For the sake of this list, we won’t be including any Marvel or Lucasfilms. All box office and budget figures from Wikipedia.
Mr. Magoo (1997)
Who thought of this film? Honestly, Mr. Magoo isn’t just one of the worst Disney movies ever made – it’s one of the worst cartoon-to-live-action movie ever. The movie is all about how Mr. Magoo is visually impaired, but the joke isn’t even tasteful. The movie actually made blind and visually impaired people pretty pissed. Disney, in turn, threw in a disclaimer at the front of the movie.
It partially stated, “The preceding film is not intended as an accurate portrayal of blindness or poor eyesight. Blindness or poor eyesight does not imply an impairment of one’s ability to be employed in a wide range of jobs.” Even though the film cost $30 million to make, it didn’t even make it that far. It got to $28 million. The movie was then pulled from theaters after two weeks.
Home on the Range (2004)
Home on the Range was an odd choice for Disney. At the time, the company was struggling to get audiences to see their films using the traditional animation style. So, they came out with…Home on the Range? Yeah, we don’t get it either. This musical about talking cows cost a shocking $110 million.

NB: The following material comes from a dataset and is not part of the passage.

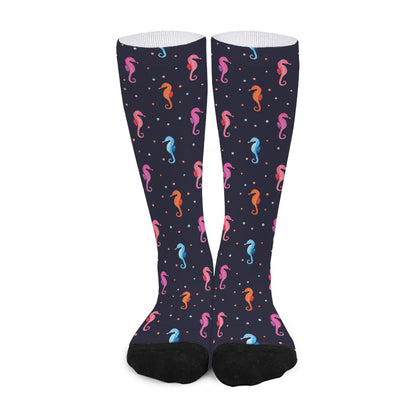 Colorful Seahorse Pattern Print Long Socks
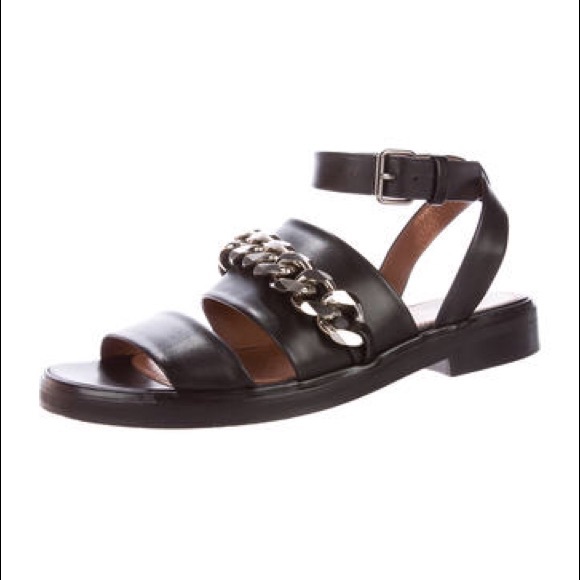 Givenchy Black Chainlink Sandals Sold Out Size 7.5 - Picture 3 of 4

It did return $145 million worldwide, but that wasn’t good enough for the company. In fact, they completely abandoned 2-D animation for five years until The Princess and the Frog came out (which killed at the box office, by the way). Guess they needed someone in the room to say, “this topic sucks.”
Onward was incredibly heart-touching. The film itself was pretty good, but the problem? It came out in 2020. Around this time, a lot of the theaters shut down and people just weren’t going anywhere. Many people had lost their jobs, too, so the last thing they were going to do was go see a Disney film at a theater where tickets were $15 a pop.
The movie lost quite a bit. It cost $200 million to make, and the box office returned $142 million. While that’s not the worst loss on the list, it was enough for Disney to rethink their strategy. The film had better success on streaming and DVD sales, but it was the last Pixar movie until Lightyear in 2022.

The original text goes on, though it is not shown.